On SQLite concurrency: You're absolutely right, SQLite's file-level locking is a real constraint for high-concurrency edge deployments. Rune's answer is multi-database architecture: SQLite is the zero-config local fallback, but PostgreSQL is the production target (Cosmos DB for Azure-native). The connection pool and write patterns abstract this — same binary, config-driven backend. For your robot use case (perception + planning + control loops), you'd want PostgreSQL or the async connection pooling we have in PgPool. We'd love contributions on SQLite WAL mode or read replicas if someone wants to push the embedded story further.

On semantic memory: We're using LanceDB (via lancedb crate) for vector storage, not raw HNSW/IVF. It's columnar, handles hot updates better than flat indices, and plays nice with our local-first requirement. For cold-start, we have explicit memory.level modes: file (scan local session files), keyword (FTS5), and semantic (hybrid with graceful fallback). The real challenge we're wrestling with now is fact deduplication — mem0's update semantics sometimes overwrite instead of merge. That's an active lane if you're interested.
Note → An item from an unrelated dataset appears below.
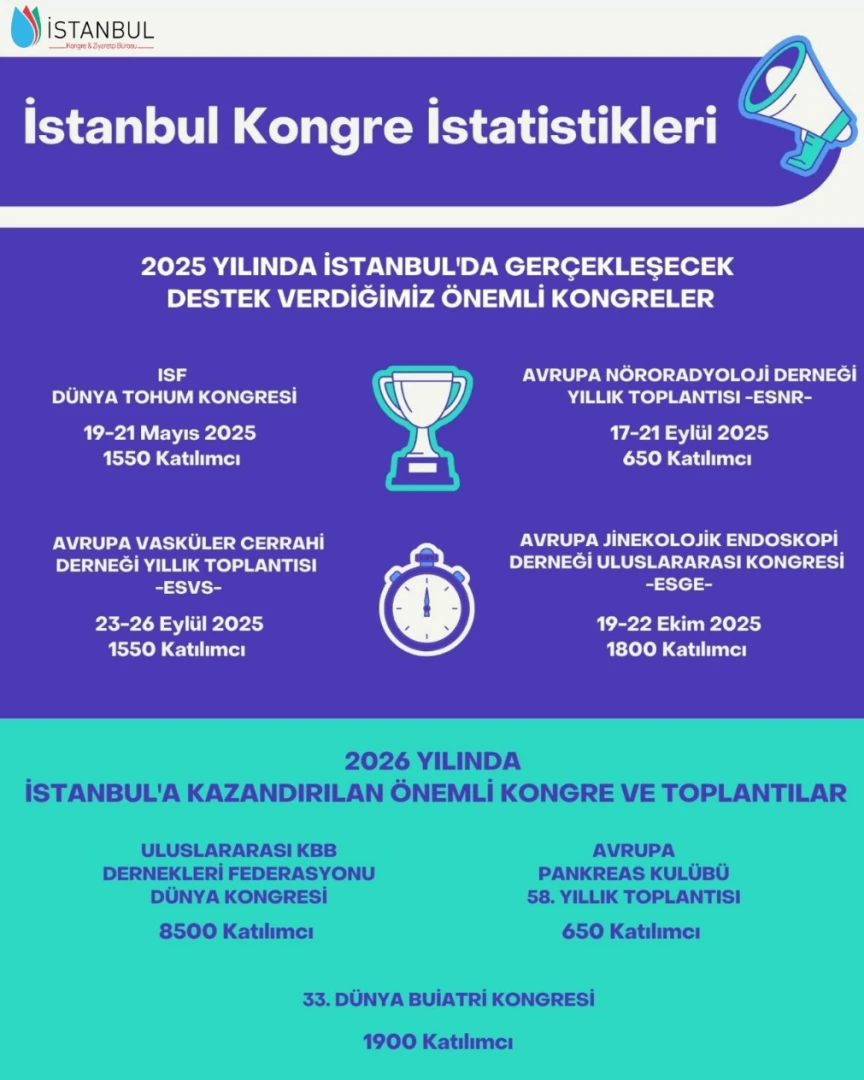 İstanbul ilk 20'ye girdi! Adım adım hedefe: İTO Başkanı Şekib Avdagiç: Katma değeri artıracağız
On federated instances: Not CRDTs or event sourcing (yet). Current delegation is imperative with lease-based coordination, main instance picks a peer, reserves a branch/worktree, monitors health, and recovers on timeout. Shared state goes through the REST memory API (/api/v1/memory/*). You're right that conflict resolution is the hard problem, we're moving toward operation-based eventual consistency for vector stores, but right now it's "same user, different devices" rather than true multi-writer federation. We'd love eyes on this — it's genuinely unsolved in the agent space.

Storage layer details: happy to expand, we have rune-store with SQLite (rusqlite), PostgreSQL (sqlx), and Cosmos DB (azure_data_cosmos) implementations. The abstraction is StoreBackend trait, so new backends are ~300 lines.